▶ _Work request_: Once you find the line with "Image of Top view of ripe red currant" in the data that follows, repeat it and every line after it exactly, through the line with "Second Seabird Tests".
[Records provided]
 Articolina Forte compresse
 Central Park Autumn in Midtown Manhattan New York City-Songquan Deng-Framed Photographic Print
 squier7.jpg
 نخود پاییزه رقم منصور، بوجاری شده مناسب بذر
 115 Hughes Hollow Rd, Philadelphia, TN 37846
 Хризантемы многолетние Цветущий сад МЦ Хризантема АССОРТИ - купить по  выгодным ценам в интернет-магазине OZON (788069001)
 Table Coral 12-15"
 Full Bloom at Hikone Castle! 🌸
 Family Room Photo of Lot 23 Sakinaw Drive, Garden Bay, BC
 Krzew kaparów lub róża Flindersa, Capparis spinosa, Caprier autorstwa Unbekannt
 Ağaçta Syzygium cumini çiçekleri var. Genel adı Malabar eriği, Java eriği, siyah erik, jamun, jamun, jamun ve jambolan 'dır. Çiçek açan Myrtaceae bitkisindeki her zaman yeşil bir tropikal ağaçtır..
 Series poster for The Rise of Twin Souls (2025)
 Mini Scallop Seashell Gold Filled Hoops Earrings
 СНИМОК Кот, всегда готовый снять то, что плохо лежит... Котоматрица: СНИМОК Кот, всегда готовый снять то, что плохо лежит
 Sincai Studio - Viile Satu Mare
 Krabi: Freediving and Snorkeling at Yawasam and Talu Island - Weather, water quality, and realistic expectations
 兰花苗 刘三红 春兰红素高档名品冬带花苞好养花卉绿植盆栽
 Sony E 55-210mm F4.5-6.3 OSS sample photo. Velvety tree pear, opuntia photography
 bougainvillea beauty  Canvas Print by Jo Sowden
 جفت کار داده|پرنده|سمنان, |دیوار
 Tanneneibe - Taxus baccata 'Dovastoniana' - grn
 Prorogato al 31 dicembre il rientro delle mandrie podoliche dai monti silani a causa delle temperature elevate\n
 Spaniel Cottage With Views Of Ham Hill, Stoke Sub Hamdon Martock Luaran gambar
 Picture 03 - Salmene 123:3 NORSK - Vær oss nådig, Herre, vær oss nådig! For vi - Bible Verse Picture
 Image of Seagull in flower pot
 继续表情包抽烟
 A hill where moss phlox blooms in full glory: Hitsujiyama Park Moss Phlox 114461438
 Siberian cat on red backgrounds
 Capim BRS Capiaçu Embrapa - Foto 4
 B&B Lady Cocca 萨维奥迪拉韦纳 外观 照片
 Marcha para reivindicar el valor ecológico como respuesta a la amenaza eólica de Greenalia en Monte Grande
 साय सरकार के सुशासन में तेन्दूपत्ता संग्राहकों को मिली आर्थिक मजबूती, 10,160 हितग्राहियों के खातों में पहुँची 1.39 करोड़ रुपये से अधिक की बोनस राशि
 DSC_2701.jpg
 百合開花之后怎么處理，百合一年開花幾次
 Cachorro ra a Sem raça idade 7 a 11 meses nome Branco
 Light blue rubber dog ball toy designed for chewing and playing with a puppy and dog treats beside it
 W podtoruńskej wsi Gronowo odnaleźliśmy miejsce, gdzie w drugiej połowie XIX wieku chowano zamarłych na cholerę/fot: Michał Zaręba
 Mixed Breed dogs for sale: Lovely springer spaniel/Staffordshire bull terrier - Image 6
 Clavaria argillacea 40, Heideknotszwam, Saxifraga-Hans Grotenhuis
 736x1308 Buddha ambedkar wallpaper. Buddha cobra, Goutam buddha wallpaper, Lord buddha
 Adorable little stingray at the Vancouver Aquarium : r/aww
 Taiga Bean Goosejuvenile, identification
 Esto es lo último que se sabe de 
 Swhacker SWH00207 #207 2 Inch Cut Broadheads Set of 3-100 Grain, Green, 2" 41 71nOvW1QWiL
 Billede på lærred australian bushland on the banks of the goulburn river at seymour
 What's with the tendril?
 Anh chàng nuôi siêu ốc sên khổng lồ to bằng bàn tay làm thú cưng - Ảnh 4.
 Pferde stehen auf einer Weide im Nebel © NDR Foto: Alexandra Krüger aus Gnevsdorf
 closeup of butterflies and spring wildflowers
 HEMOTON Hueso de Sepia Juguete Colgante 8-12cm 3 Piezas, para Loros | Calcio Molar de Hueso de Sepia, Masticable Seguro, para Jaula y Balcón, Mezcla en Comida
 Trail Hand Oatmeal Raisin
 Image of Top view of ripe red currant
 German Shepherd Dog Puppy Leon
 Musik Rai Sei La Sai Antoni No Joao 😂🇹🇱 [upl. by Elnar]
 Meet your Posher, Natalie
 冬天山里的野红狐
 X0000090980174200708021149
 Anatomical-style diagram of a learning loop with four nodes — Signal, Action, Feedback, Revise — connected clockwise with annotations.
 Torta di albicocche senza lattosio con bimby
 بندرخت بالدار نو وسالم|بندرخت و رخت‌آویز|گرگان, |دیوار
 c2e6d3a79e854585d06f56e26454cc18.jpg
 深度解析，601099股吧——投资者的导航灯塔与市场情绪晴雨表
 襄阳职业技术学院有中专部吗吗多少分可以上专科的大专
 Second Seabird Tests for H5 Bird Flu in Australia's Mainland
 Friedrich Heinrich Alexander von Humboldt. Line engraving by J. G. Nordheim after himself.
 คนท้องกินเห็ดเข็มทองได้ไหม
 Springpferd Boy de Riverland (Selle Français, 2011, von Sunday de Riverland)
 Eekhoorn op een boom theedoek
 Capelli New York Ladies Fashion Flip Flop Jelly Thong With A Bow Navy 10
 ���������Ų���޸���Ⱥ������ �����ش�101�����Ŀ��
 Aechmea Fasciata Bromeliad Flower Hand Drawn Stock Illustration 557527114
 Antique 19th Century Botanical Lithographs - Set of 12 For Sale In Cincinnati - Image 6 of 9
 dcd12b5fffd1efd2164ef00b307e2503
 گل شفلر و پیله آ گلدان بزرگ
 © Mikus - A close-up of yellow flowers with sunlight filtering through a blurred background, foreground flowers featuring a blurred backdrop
[/Records provided]
▶ _Response to this task_:
 Image of Top view of ripe red currant
 German Shepherd Dog Puppy Leon
 Musik Rai Sei La Sai Antoni No Joao 😂🇹🇱 [upl. by Elnar]
 Meet your Posher, Natalie
 冬天山里的野红狐
 X0000090980174200708021149
 Anatomical-style diagram of a learning loop with four nodes — Signal, Action, Feedback, Revise — connected clockwise with annotations.
 Torta di albicocche senza lattosio con bimby
 بندرخت بالدار نو وسالم|بندرخت و رخت‌آویز|گرگان, |دیوار
 c2e6d3a79e854585d06f56e26454cc18.jpg
 深度解析，601099股吧——投资者的导航灯塔与市场情绪晴雨表
 襄阳职业技术学院有中专部吗吗多少分可以上专科的大专
 Second Seabird Tests for H5 Bird Flu in Australia's Mainland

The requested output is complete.